A powerful way of manipulating data in a frame is via processes that involve splitting it, applying functions to groups and combining the results. This is the “group by” approach that most SQL users will immediately recognize. Here is a clear exposition of how groupby works in pandas. In our table-top experiment, we group the data according to release year of the models, and study the evolution of the remaining variables with time. To the grouped structure gDate we apply the aggregating function mean(), which averages the non-grouped variables year by year. Quite reassuringly, we find out that photo cameras have become lighter over the past decade, while pixels and storage of newer models have steadily increased.

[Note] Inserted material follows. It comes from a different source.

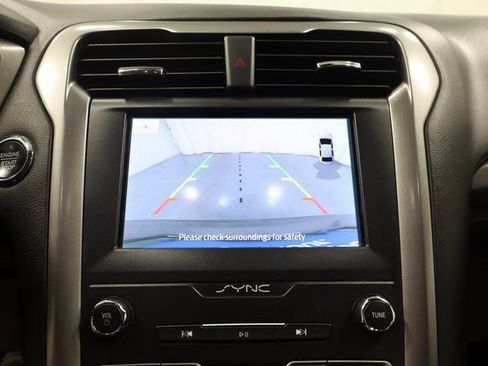 Used 2020 Ford Fusion SE image 22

gDate = df[df['Date'] > 1998].groupby('Date').mean()
dates = [str(s) for s in gDate.index]
fig, axes = plt.subplots(nrows=1, ncols=3, figsize=(20,5))
cols = ['b', 'r', 'g']
vars = ['EffPix', 'Weight', 'Storage']
titles = ['effective pixels', 'weight', 'storage']
for i, var in enumerate(vars):
    gDate[[var]].plot(ax=axes[i], alpha=0.5, legend=False, lw=4, c=cols[i])
    axes[i].set_xticklabels(dates, rotation=40)
    axes[i].set_title('Evolution of %s\n' % titles[i])
plt.savefig('CameraEvolution.png', bbox_inches='tight')

CameraEvolution

Grouping by maker instead, we can see which ones make the smallest and most economical models, on average.

gMak = df.groupby('Maker').median()
gMak.index.name = ''
fig, axes = plt.subplots(nrows=1, ncols=2, figsize=(18,8))
c = ['y','c']
vars = ['Dimensions', 'Price']
for i, var in enumerate(vars):
    gMak[[var]].plot(kind='barh', ax=axes[i], alpha=0.5, legend=False, color=c[i])
    axes[i].set_title('Average %s by maker\n' % vars[i])
    axes[i].grid(False)
plt.savefig('MeanDimensionsPrices.png', bbox_inches='tight')

MeanDimensionsPrices

Pandas provides many more functionalities, and this is just a first look at them here at The Data Science Lab. We will continue the exploration of this and other datasets in due time. In the meanwhile, a quick google search for pandas shall be enough to keep us entertained.